* [Task goal] Your job is to transcribe the material exactly, every line included.

* [Given information]

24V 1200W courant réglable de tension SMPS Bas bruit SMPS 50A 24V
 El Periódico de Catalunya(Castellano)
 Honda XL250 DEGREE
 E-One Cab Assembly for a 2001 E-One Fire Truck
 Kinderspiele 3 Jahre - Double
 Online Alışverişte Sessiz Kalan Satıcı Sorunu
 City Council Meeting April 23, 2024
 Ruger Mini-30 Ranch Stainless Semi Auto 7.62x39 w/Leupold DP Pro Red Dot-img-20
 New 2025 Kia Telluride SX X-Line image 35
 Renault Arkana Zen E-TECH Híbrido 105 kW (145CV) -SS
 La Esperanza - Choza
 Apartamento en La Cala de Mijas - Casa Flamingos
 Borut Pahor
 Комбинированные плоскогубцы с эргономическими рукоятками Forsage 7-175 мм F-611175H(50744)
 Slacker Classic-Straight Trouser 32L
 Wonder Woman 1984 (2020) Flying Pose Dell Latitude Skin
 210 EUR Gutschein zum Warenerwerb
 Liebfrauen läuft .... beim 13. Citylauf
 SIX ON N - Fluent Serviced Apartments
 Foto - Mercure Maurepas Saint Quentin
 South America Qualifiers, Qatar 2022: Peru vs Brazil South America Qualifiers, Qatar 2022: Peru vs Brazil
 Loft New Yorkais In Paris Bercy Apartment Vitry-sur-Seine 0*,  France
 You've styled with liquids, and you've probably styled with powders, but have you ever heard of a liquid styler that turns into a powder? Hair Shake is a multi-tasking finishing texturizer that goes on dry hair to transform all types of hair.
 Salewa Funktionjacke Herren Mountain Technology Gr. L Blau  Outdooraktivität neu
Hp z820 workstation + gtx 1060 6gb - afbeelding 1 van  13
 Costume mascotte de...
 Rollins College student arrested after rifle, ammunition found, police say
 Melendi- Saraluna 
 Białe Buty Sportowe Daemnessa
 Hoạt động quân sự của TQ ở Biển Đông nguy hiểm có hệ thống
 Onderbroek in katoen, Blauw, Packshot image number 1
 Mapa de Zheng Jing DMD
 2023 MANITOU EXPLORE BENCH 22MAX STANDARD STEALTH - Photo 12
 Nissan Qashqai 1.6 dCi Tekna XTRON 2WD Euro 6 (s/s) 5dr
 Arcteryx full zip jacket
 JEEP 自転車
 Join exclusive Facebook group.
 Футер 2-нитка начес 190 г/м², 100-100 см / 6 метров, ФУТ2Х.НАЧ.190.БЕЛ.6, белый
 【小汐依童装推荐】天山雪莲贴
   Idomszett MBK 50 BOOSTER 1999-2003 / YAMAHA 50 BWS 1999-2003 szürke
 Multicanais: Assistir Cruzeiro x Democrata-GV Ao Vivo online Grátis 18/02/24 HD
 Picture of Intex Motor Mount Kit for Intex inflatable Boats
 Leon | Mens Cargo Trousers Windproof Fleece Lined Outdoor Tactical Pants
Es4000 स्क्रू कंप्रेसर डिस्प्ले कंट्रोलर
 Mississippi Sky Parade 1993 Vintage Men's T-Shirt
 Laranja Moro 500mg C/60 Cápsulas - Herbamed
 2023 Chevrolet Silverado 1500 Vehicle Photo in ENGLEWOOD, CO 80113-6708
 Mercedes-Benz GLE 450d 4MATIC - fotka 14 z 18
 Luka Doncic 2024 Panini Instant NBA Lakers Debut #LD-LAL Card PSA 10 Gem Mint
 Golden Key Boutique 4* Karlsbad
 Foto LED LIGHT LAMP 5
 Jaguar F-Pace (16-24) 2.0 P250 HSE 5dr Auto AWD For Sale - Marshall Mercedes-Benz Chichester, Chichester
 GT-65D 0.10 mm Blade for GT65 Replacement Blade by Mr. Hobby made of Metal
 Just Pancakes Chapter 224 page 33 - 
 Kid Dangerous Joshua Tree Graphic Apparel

* [Reply]
24V 1200W courant réglable de tension SMPS Bas bruit SMPS 50A 24V
 El Periódico de Catalunya(Castellano)
 Honda XL250 DEGREE
 E-One Cab Assembly for a 2001 E-One Fire Truck
 Kinderspiele 3 Jahre - Double
 Online Alışverişte Sessiz Kalan Satıcı Sorunu
 City Council Meeting April 23, 2024
 Ruger Mini-30 Ranch Stainless Semi Auto 7.62x39 w/Leupold DP Pro Red Dot-img-20
 New 2025 Kia Telluride SX X-Line image 35
 Renault Arkana Zen E-TECH Híbrido 105 kW (145CV) -SS
 La Esperanza - Choza
 Apartamento en La Cala de Mijas - Casa Flamingos
 Borut Pahor
 Комбинированные плоскогубцы с эргономическими рукоятками Forsage 7-175 мм F-611175H(50744)
 Slacker Classic-Straight Trouser 32L
 Wonder Woman 1984 (2020) Flying Pose Dell Latitude Skin
 210 EUR Gutschein zum Warenerwerb
 Liebfrauen läuft .... beim 13. Citylauf
 SIX ON N - Fluent Serviced Apartments
 Foto - Mercure Maurepas Saint Quentin
 South America Qualifiers, Qatar 2022: Peru vs Brazil South America Qualifiers, Qatar 2022: Peru vs Brazil
 Loft New Yorkais In Paris Bercy Apartment Vitry-sur-Seine 0*,  France
 You've styled with liquids, and you've probably styled with powders, but have you ever heard of a liquid styler that turns into a powder? Hair Shake is a multi-tasking finishing texturizer that goes on dry hair to transform all types of hair.
 Salewa Funktionjacke Herren Mountain Technology Gr. L Blau  Outdooraktivität neu
Hp z820 workstation + gtx 1060 6gb - afbeelding 1 van  13
 Costume mascotte de...
 Rollins College student arrested after rifle, ammunition found, police say
 Melendi- Saraluna 
 Białe Buty Sportowe Daemnessa
 Hoạt động quân sự của TQ ở Biển Đông nguy hiểm có hệ thống
 Onderbroek in katoen, Blauw, Packshot image number 1
 Mapa de Zheng Jing DMD
 2023 MANITOU EXPLORE BENCH 22MAX STANDARD STEALTH - Photo 12
 Nissan Qashqai 1.6 dCi Tekna XTRON 2WD Euro 6 (s/s) 5dr
 Arcteryx full zip jacket
 JEEP 自転車
 Join exclusive Facebook group.
 Футер 2-нитка начес 190 г/м², 100-100 см / 6 метров, ФУТ2Х.НАЧ.190.БЕЛ.6, белый
 【小汐依童装推荐】天山雪莲贴
   Idomszett MBK 50 BOOSTER 1999-2003 / YAMAHA 50 BWS 1999-2003 szürke
 Multicanais: Assistir Cruzeiro x Democrata-GV Ao Vivo online Grátis 18/02/24 HD
 Picture of Intex Motor Mount Kit for Intex inflatable Boats
 Leon | Mens Cargo Trousers Windproof Fleece Lined Outdoor Tactical Pants
Es4000 स्क्रू कंप्रेसर डिस्प्ले कंट्रोलर
 Mississippi Sky Parade 1993 Vintage Men's T-Shirt
 Laranja Moro 500mg C/60 Cápsulas - Herbamed
 2023 Chevrolet Silverado 1500 Vehicle Photo in ENGLEWOOD, CO 80113-6708
 Mercedes-Benz GLE 450d 4MATIC - fotka 14 z 18
 Luka Doncic 2024 Panini Instant NBA Lakers Debut #LD-LAL Card PSA 10 Gem Mint
 Golden Key Boutique 4* Karlsbad
 Foto LED LIGHT LAMP 5
 Jaguar F-Pace (16-24) 2.0 P250 HSE 5dr Auto AWD For Sale - Marshall Mercedes-Benz Chichester, Chichester
 GT-65D 0.10 mm Blade for GT65 Replacement Blade by Mr. Hobby made of Metal
 Just Pancakes Chapter 224 page 33 - 
 Kid Dangerous Joshua Tree Graphic Apparel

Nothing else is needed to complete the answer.